■ WORK ORDER
Below, find the line containing "an antique statue" and the line containing "A kitchen with"; reproduce exactly those two and every line between them, omitting pictures.

■ DATA RECORDS

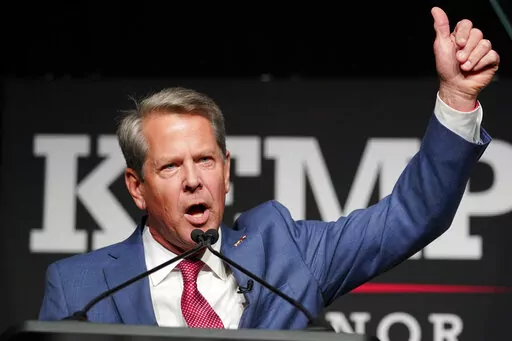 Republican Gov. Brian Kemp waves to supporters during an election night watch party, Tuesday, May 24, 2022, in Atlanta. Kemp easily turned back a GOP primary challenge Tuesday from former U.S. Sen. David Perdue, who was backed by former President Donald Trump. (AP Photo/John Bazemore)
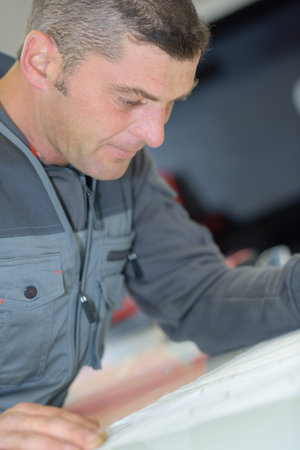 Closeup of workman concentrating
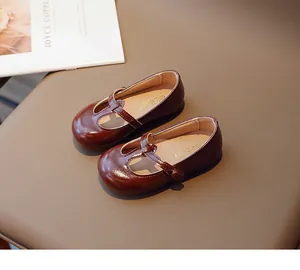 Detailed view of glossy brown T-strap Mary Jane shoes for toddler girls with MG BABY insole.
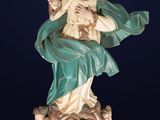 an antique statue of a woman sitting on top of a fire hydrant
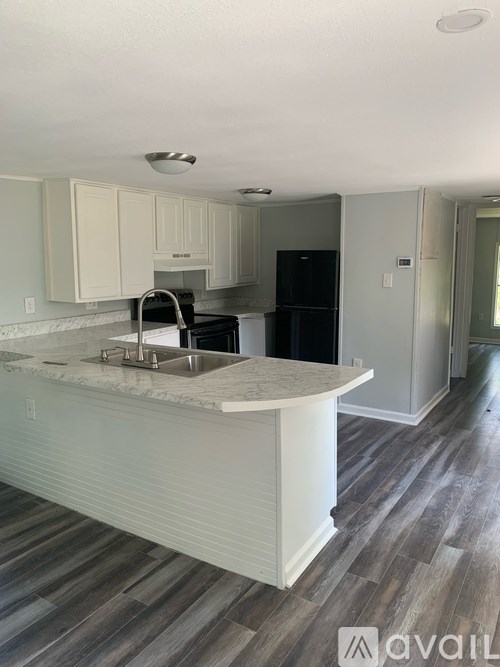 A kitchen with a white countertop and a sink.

* * *

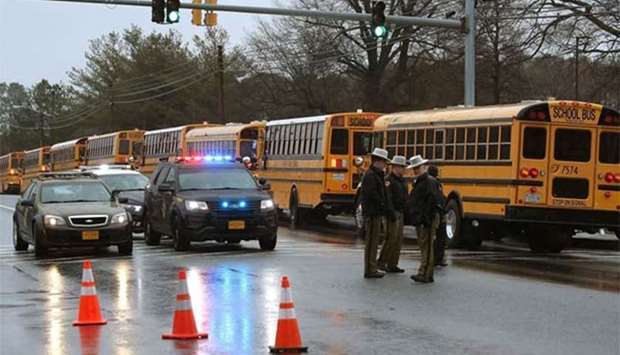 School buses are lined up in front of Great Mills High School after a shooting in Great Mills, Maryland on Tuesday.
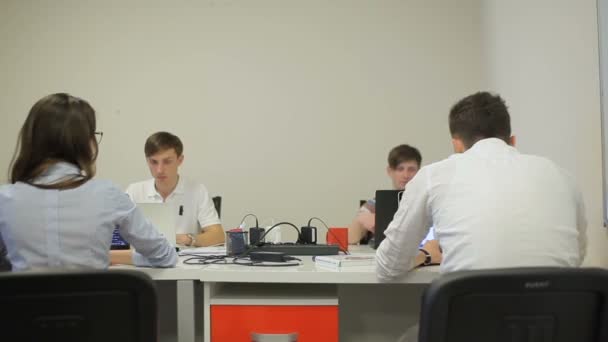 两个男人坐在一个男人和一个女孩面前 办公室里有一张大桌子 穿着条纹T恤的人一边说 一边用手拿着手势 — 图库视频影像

■ RESPONSE TO THIS EXERCISE
 an antique statue of a woman sitting on top of a fire hydrant
 A kitchen with a white countertop and a sink.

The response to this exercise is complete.